◆ Task to complete
Exactly as written, write out the lines below from the first to the one containing "leandrojose669", inclusive. Pictures do not belong in the copy.

--- START ---

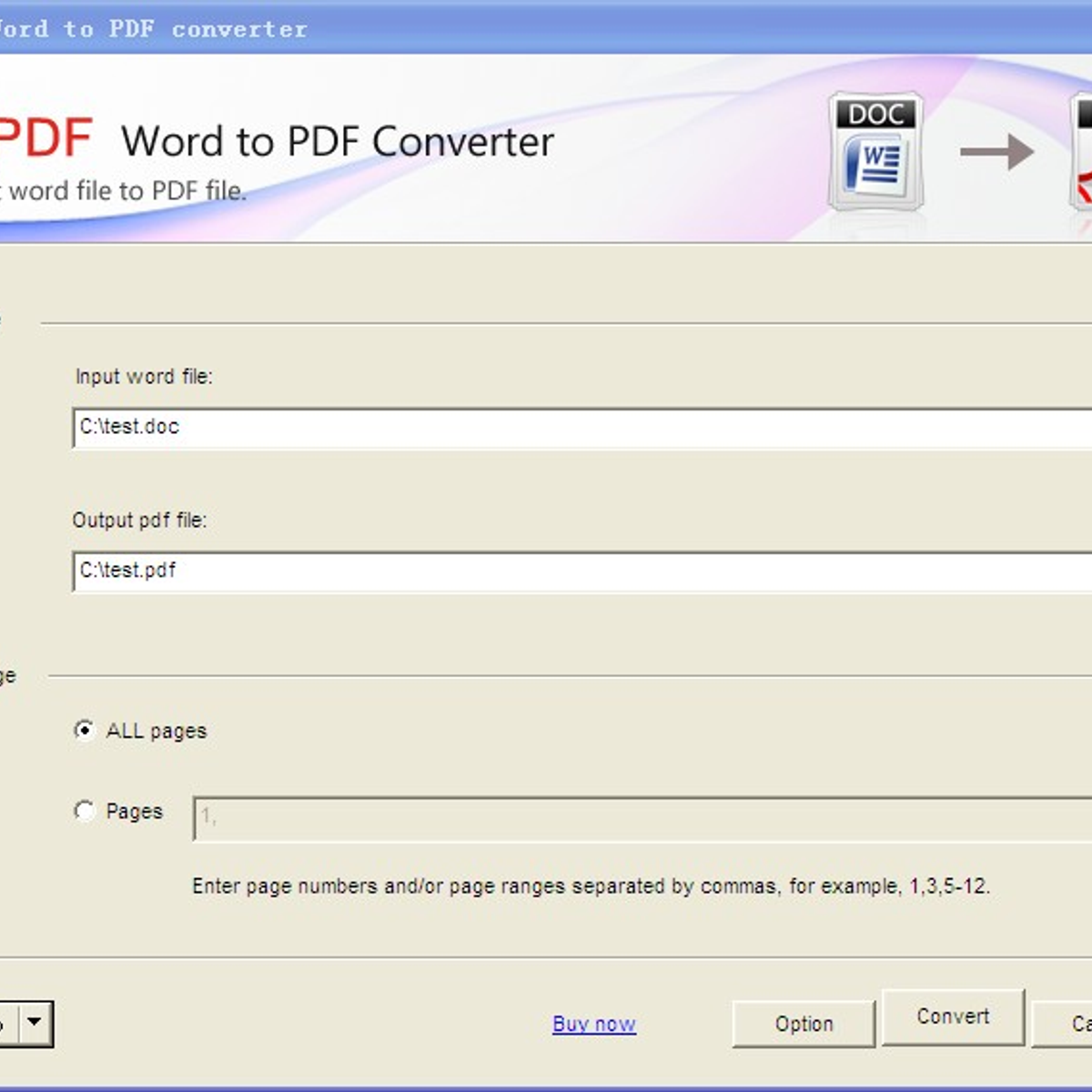Конвертер лав пдф. Конвертер pdf в Word. Конвертер ppt в pdf. Pdf to Word программа. Картинки lighten pdf to Word Converter.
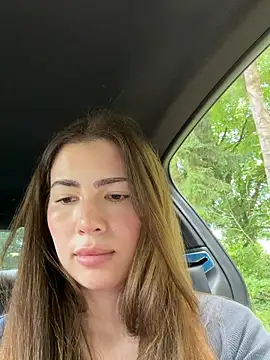 roleplay videochat Clairewntr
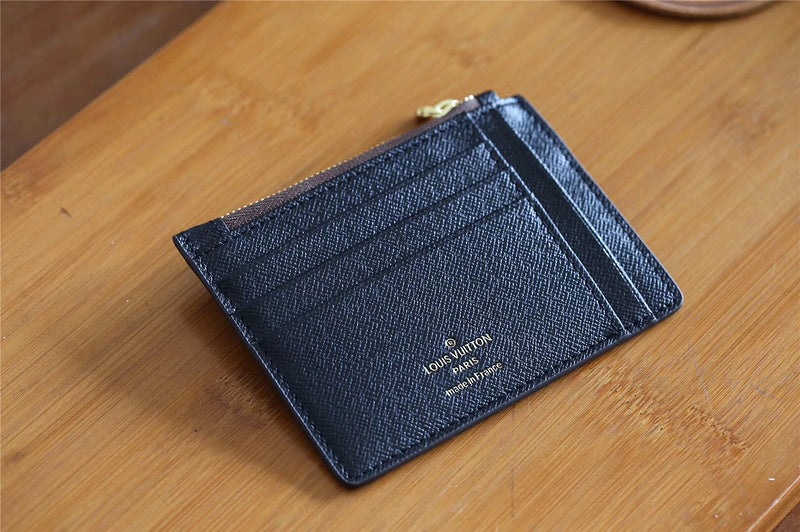 I W Fashion Lu-Vi bags - 9082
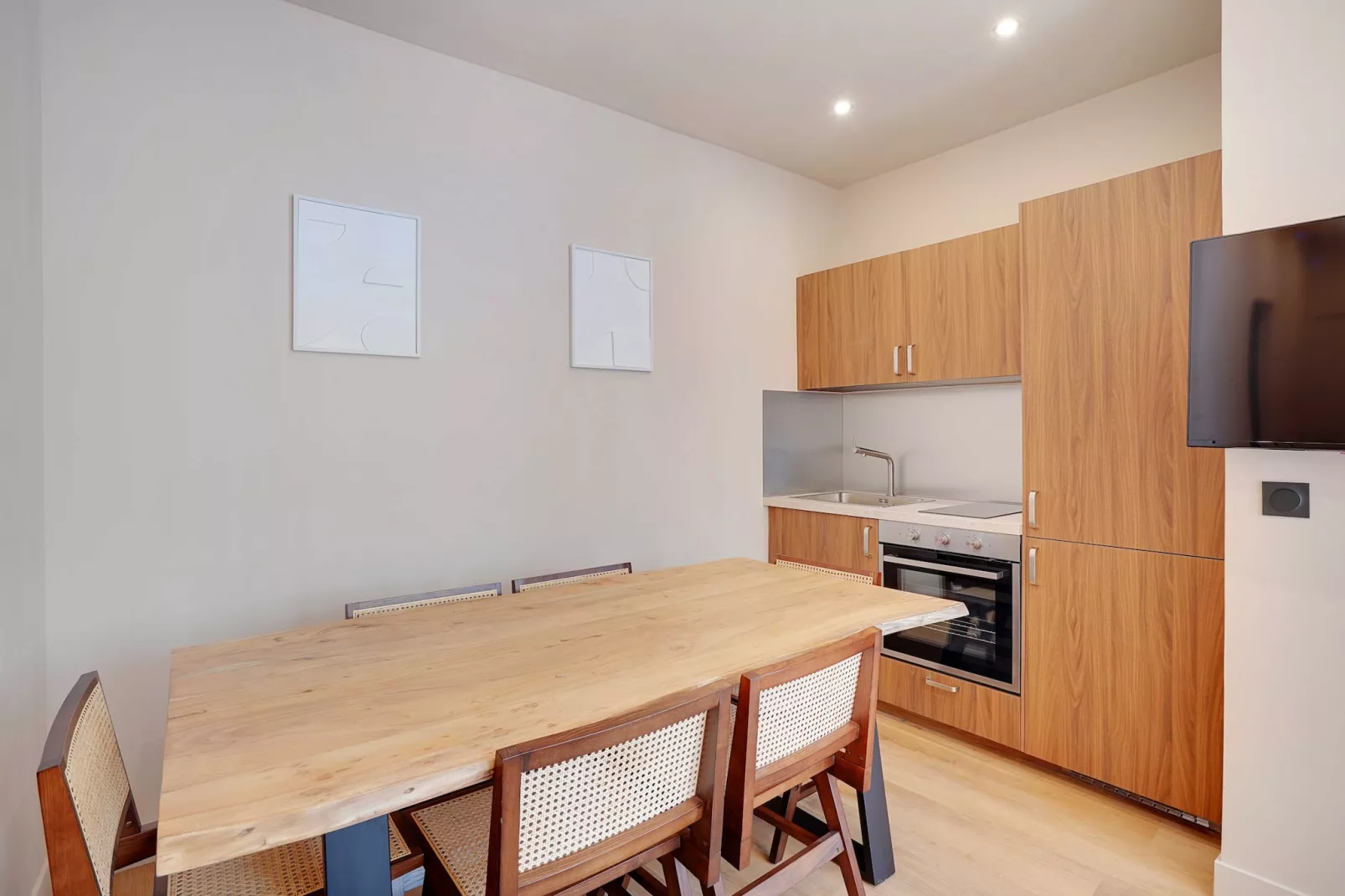 TD-38-ALBERT-1 - Untagged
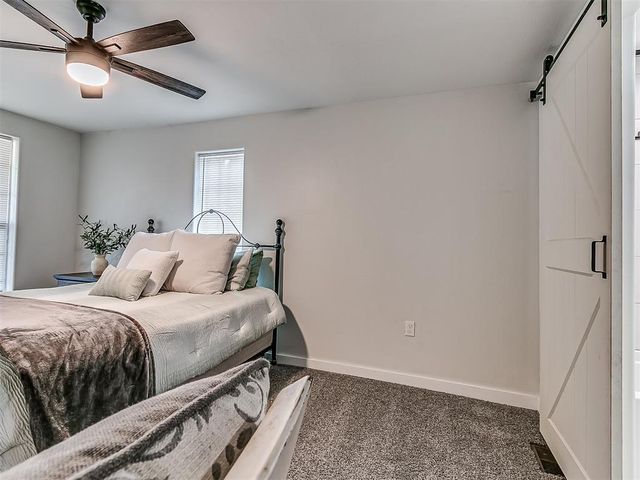 1214 E Harrison Avenue, Guthrie, OK 73044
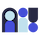 outlook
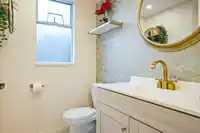 21560 93B AVENUE - thumbnail 18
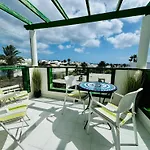 Little Gem Apartamento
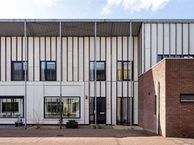 Waterlei 92, 7325 GJ Apeldoorn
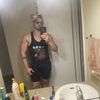 leandrojose669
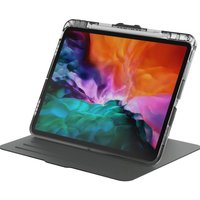 Targus VersaVu® Klarsichthülle für iPad Pro® 13-Zoll (M4) von Targus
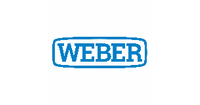 WEBER Schraubautomaten GmbH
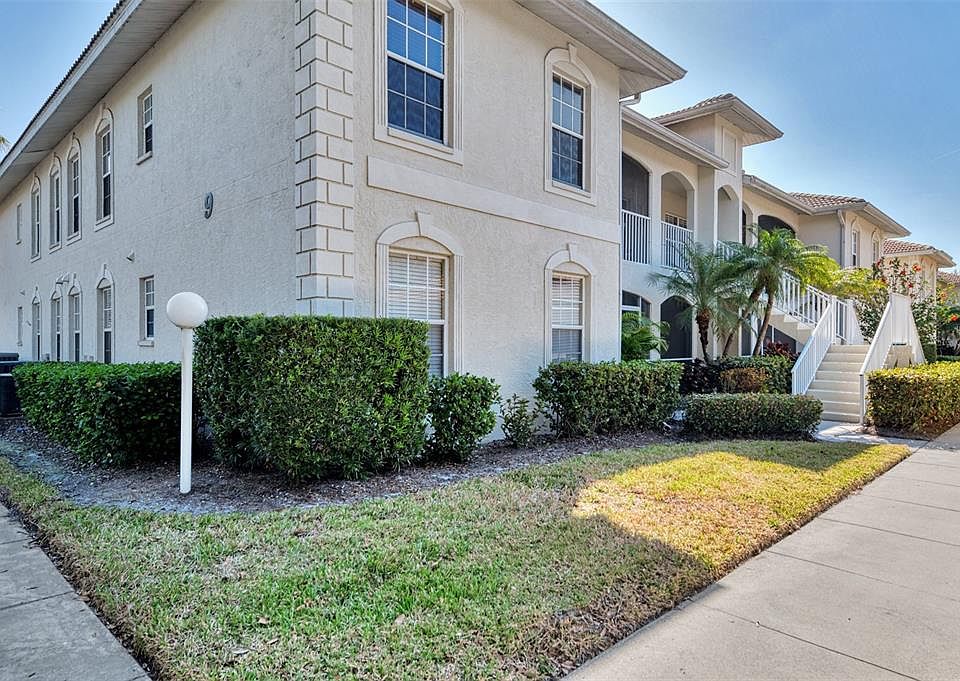 1st image of 9204 L PAVIA BOULEVARD #9204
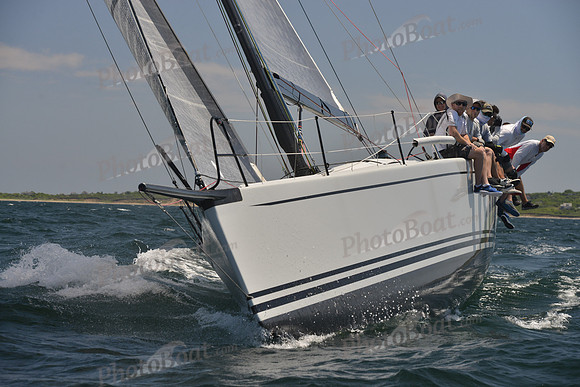 2019 Block Island Race Week B_0167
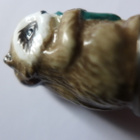 SORMUSTIN Keräily esine Franklin Mint  usa - pikkukuva 3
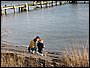 IMG_5330.jpg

--- END ---

◆ Solution to this task
Конвертер лав пдф. Конвертер pdf в Word. Конвертер ppt в pdf. Pdf to Word программа. Картинки lighten pdf to Word Converter.
 roleplay videochat Clairewntr
 I W Fashion Lu-Vi bags - 9082
 TD-38-ALBERT-1 - Untagged
 1214 E Harrison Avenue, Guthrie, OK 73044
 outlook
 21560 93B AVENUE - thumbnail 18
 Little Gem Apartamento
 Waterlei 92, 7325 GJ Apeldoorn
 leandrojose669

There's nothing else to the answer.